Statistical Inference Course Project Part 1

Assignment Description

In this project you will investigate the exponential distribution in R and compare it with the Central Limit Theorem. The exponential distribution can be simulated in R with rexp(n, lambda) where lambda is the rate parameter. The mean of exponential distribution is 1/lambda and the standard deviation is also 1/lambda. Set lambda = 0.2 for all of the simulations. You will investigate the distribution of averages of 40 exponentials. Note that you will need to do a thousand simulations.

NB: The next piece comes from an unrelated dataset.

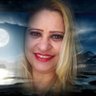 Noraney Flores profil fotoğrafı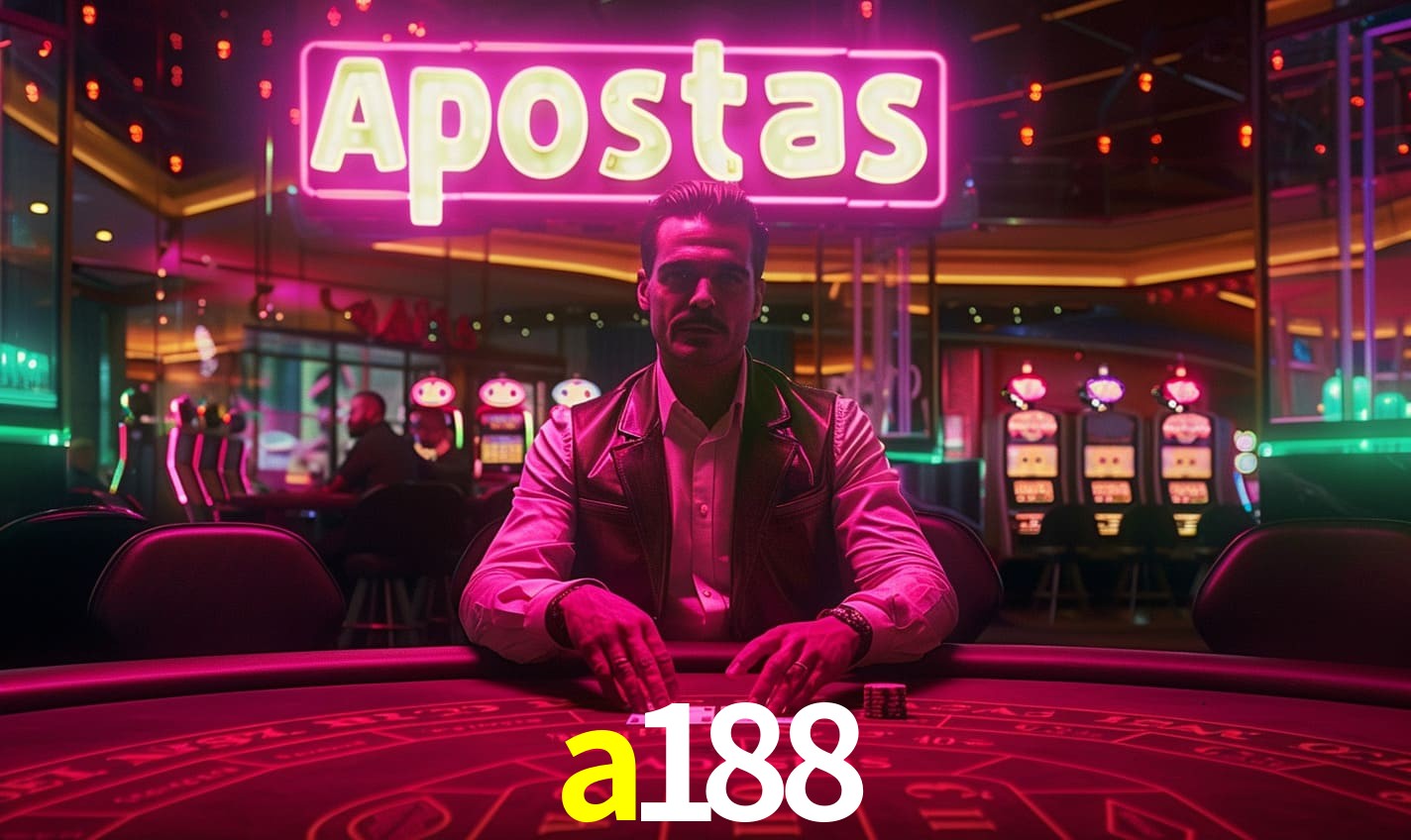 a188,a188.com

Illustrate via simulation and associated explanatory text the properties of the distribution of the mean of 40 exponentials. You should 1. Show the sample mean and compare it to the theoretical mean of the distribution. 2. Show how variable the sample is (via variance) and compare it to the theoretical variance of the distribution. 3. Show that the distribution is approximately normal.

1. Show the sample mean and compare it to the theoretical mean of the distribution.

set.seed(123) # A set of any numbers
lambda <- 0.2 # Set lambda = 0.2 for all of the simulations
n <- 40 # distribution of averages of 40 exponentials
simulations <- 1000 # Note that you will need to do a thousand simulations.

# doStuff
simulations_done <- replicate(simulations, rexp(n, lambda))
means_exp <- apply(simulations_done, 2, mean)
mean_of_means_exp <- mean(means_exp)
lmbda_mean <- 1/lambda

Exponential Simulations X Mean Graphic

hist(means_exp, xlab = "Mean", main = "Exponential Simulations", col = "black")
abline(v = mean_of_means_exp, col = "green")
abline(v = lmbda_mean, col = "red")

As the graphic above shows the implies that the actual mean from sample data is very close to the theoretical mean of normal data.

2. Show how variable the sample is (via variance) and compare it to the theoretical variance of the distribution.

sd_dist <- sd(mean_of_means_exp)
sd_theory <- (1/lambda)/sqrt(n)
varianccia_dist <- sd_dist^2
varianccia_theory <- ((1/lambda)*(1/sqrt(n)))^2
# doStuff
simulations_done <- replicate(simulations, rexp(n, lambda))
means_exp <- apply(simulations_done, 2, mean)
mean_of_means_exp <- mean(means_exp)
lmbda_mean <- 1/lambda

x <- seq(min(means_exp), max(means_exp), length=100)
y <- dnorm(x, mean=1/lambda, sd=(1/lambda/sqrt(n)))
hist(means_exp,breaks=n,prob=T,col="red",xlab = "Means",main="Density X Means",ylab="Density")
lines(x, y, pch=20, col="black", lty=5)

As image above, the Density is approximated with the normal distribution.

3. Show that the distribution is approximately normal.

qqnorm(means_exp)
qqline(means_exp, col = 2)

As the image above, the central limit theorem of the distribution of averages of 40 exponentials is closeset the normal distribution.